Caroline Mawhood, 21, told a jury that she forgot she had a knife in her hand as she pushed Simon Gilchrist away in the kitchen of the flat they shared in Bell Farm Avenue, York.
The York mother-of-two said at Leeds Crown Court that Mr Gilchrist, 23, had been the first to pick it up, and that it had fallen to the floor when she tried to take it off him.
She remembered that shortly afterwards she had told people in the street: "I cannot take it anymore." She told the jury that by this she meant "my life and everything".
Mawhood, of Bell Farm Avenue, denies murder.
"I loved him. I loved him very much," she told the jury.
Giving evidence in her own defence Mawhood said she had a drinking problem, but had not been drinking during the afternoon of July 26, the day which ended in Mr Gilchrist's death.
She also denied cutting a former boyfriend, Roger Bradbury, with a knife on his knee.
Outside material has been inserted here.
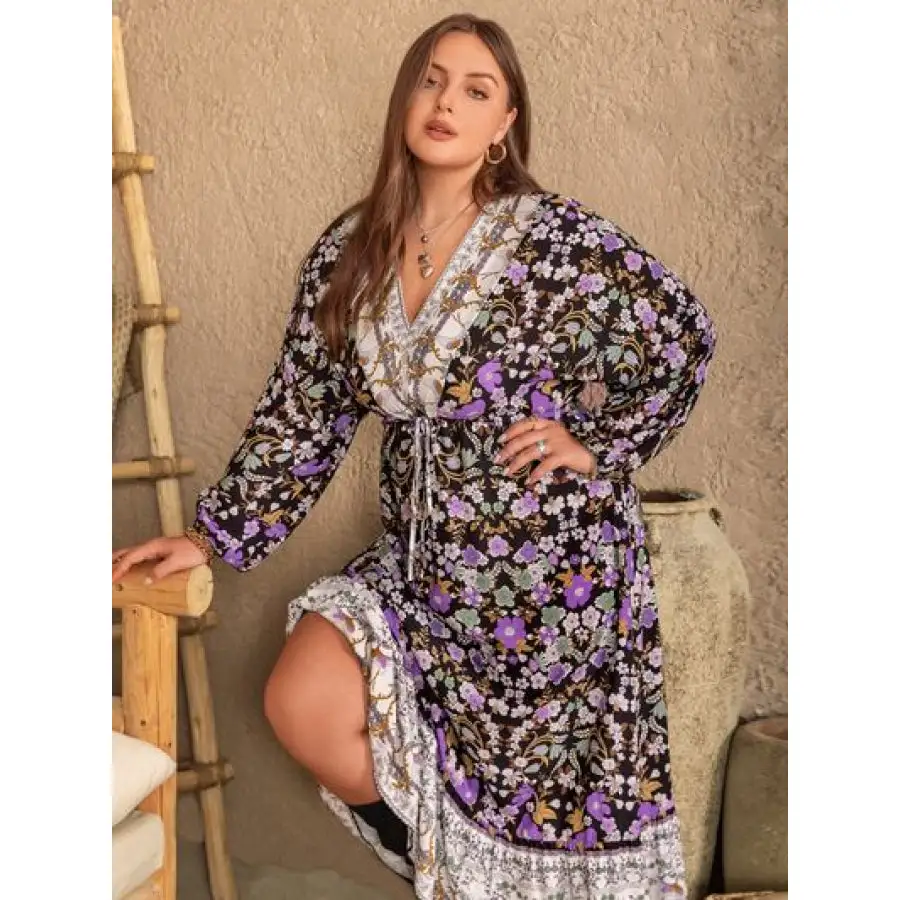Plus Plus Size V-Neck Balloon Sleeve Midi Dress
She admitted that she had self-harmed herself with knives in the past, but not during her relationship with Mr Gilchrist.
The jury has heard that on the evening of July 26 Mawhood drank eight doubles of Bacardi and coke and assaulted a woman in The Marcia pub, Bishopthorpe.
She told the jury she could not remember the assault, though she could remember being in the pub.
She could not remember going home, but she had pictures in her head of seeing herself sitting on a sofa and then sitting on the floor in the bathroom crying.
Her next memory was of standing near the bathroom door, and seeing Mr Gilchrist leaning on the kitchen units, holding a knife in his hand.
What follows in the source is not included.